PROBLEM TO WORK ON >>
Would you please copy the part of the material below that opens with the line containing "Positano Beige Ivory" and closes with the line containing "Kandiny Hombre Camiseta"? Copy it exactly, and only it.

RECORDS TO PROCESS >>
##############################
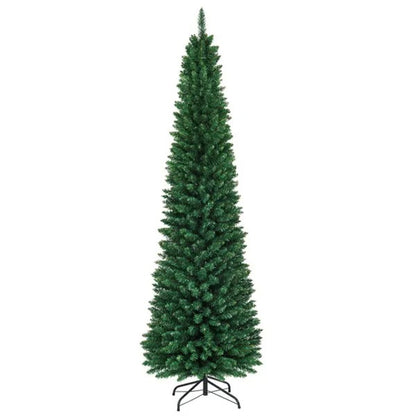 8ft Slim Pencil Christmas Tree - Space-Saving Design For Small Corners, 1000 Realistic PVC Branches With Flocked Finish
##############################
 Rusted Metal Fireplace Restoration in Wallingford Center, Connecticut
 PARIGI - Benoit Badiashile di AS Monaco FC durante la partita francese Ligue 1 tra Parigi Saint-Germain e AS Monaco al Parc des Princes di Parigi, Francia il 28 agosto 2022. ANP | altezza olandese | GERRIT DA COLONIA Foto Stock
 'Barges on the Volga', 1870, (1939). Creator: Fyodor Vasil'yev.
##############################
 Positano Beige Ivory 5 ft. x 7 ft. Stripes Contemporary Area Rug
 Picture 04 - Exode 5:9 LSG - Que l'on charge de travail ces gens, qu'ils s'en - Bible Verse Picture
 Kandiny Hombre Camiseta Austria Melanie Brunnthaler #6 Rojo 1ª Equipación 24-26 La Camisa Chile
##############################
RESPONSE BOX >>
 Positano Beige Ivory 5 ft. x 7 ft. Stripes Contemporary Area Rug
 Picture 04 - Exode 5:9 LSG - Que l'on charge de travail ces gens, qu'ils s'en - Bible Verse Picture
 Kandiny Hombre Camiseta Austria Melanie Brunnthaler #6 Rojo 1ª Equipación 24-26 La Camisa Chile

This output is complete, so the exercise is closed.